- Conference: Big Ten Conference
- Record: 3–6 (2–4 Big Ten)
- Head coach: Harry Stuhldreher (9th season);
- MVP: Clarence Esser
- Captain: Allan Shafer
- Home stadium: Camp Randall Stadium

= 1944 Wisconsin Badgers football team =

American college football season

The 1944 Wisconsin Badgers football team was an American football team that represented the University of Wisconsin in the 1944 Big Ten Conference football season. The team compiled a 3–6 record (2–4 against conference opponents) and finished in seventh place in the Big Ten Conference. Harry Stuhldreher was in his ninth year as Wisconsin's head coach. This was the first season since 1905 that the Badgers started the season away from home.

On November 11, 1944, Allan Shafer, a 17-year-old freshman quarterback, died at Wisconsin General Hospital from a hemorrhage to the lung after a hit sustained in the second half of Wisconsin's 26-7 victory over Iowa.
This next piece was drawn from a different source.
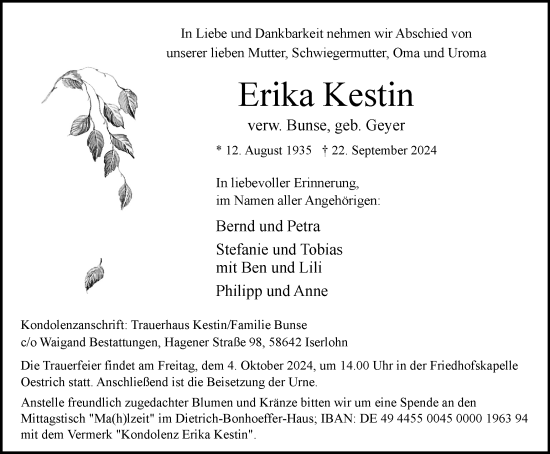 Traueranzeige von Erika Kestin von Tageszeitung
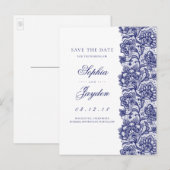 Wit en Navy | Elegante kant Save the Date Aankondigingskaart (Voorkant / Achterkant)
His jersey number (No. 83) was retired, and his name appears on the Camp Randall Stadium facade.

Tackle Clarence Esser received the team's most valuable player award. Shafer was the team captain. Jug Girard, a 17-year-old freshman, was selected by Look magazine as a first-team halfback on the 1944 College Football All-America Team.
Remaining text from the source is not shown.